How Do I Eat Rambutan?

Eating fresh rambutan fruit is simple and similar to eating lychee or longan fruits, if you are familiar with it. The goal here is to break through that wild exterior to reveal the delicately textured and flavored flesh. A tasty fruit with a spiky red shell! LOL.

You can use your nail, a small paring knife, or your teeth (if you are feeling bold) to break through the outside. Then all you need to do is peel away that shell reminiscent of a sci-fi movie character.

What you are left with is a tender flesh that can be eaten in one or two bites. Be careful though as there is a hard black seed in the center of that flesh. 

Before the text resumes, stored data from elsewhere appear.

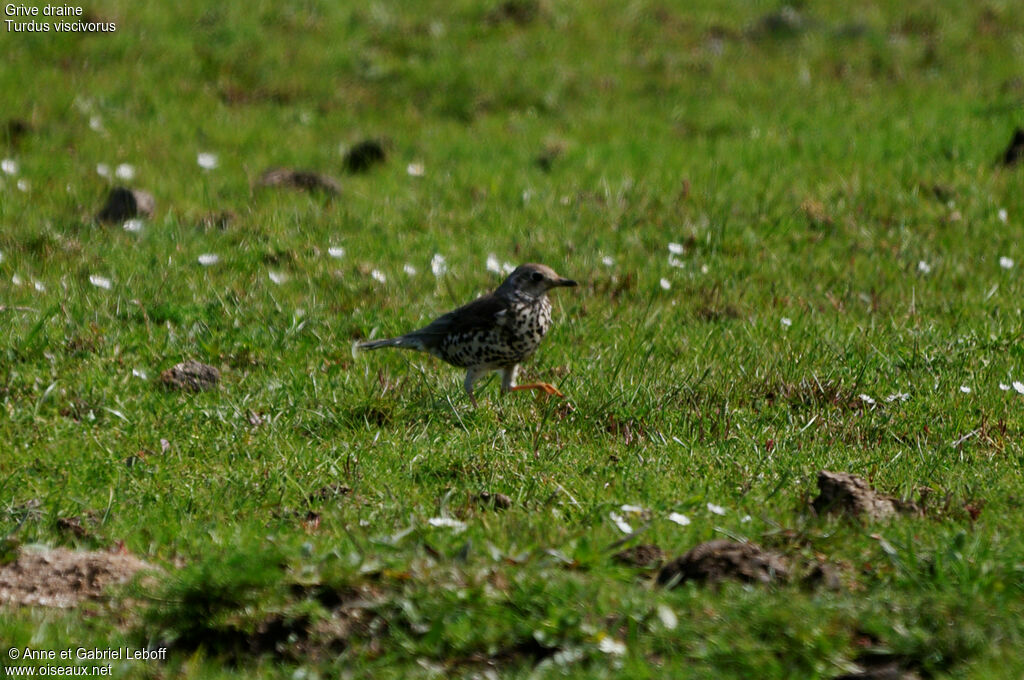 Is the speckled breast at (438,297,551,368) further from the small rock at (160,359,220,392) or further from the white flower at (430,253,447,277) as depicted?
the white flower at (430,253,447,277)

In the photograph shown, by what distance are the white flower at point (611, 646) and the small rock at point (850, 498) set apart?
4.74 ft

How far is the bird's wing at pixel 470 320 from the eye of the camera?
7152mm

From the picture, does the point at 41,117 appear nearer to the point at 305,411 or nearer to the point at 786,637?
the point at 305,411

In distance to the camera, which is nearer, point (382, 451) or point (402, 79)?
point (382, 451)

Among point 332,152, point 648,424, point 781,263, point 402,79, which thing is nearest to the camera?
point 648,424

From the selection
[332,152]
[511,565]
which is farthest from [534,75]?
[511,565]

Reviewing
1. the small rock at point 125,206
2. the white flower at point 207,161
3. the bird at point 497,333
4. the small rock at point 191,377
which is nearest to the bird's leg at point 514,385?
the bird at point 497,333

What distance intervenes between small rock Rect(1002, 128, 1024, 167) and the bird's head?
5889 mm

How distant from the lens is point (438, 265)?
9.21 metres

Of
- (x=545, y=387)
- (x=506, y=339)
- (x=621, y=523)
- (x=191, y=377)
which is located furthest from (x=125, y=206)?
(x=621, y=523)

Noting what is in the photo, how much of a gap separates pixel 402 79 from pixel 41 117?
3.95 m

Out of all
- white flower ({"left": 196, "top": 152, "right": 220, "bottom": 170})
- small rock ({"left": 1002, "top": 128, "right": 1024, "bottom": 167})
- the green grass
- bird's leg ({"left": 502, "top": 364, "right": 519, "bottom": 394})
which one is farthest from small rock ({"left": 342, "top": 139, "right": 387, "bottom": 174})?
small rock ({"left": 1002, "top": 128, "right": 1024, "bottom": 167})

How Do I Cook With Rambutan?

Because of the rambutan’s unique flavor profile and gorgeous texture, it is often eaten on its own as a snack. That said, it can pair really well as part of a fruit salad or with other fruits on a plate.

You can soak them in cooled and flavored syrups – mint goes well! They are also great to include in cocktails like mojitos and martinis. 

Health Benefits of Rambutan

They boast a host of things that are great for you in terms of health benefits including but not limited to potassium, folate, and Vitamin C.

They are also thought to boost your immune system and digestive health as well as lower your risk of cancer. Many also link them to weight loss and skin health and helping to correct free radicals

What Can I Substitute for Rambutan? 

Rambutan is a unique fruit in terms of flavor and texture, so if you can’t find it, sticking within its close relatives is probably your best bet. Longan or lychee fruit are both closely related and can be used to substitute rambutan if you are coming up short at your stores. 

How Do I Store Rambutan? 

This fruit is a bit fickle and fresh rambutans don’t last long off the tree or after it has ripe end. Keep it on your counter for 1-2 days max for optimal flavor. 

After that, store rambutans in the fridge in a plastic bag to prevent moisture loss. They are best enjoyed at room temperature, so take it out and place it on the counter to come up a few temperature notches.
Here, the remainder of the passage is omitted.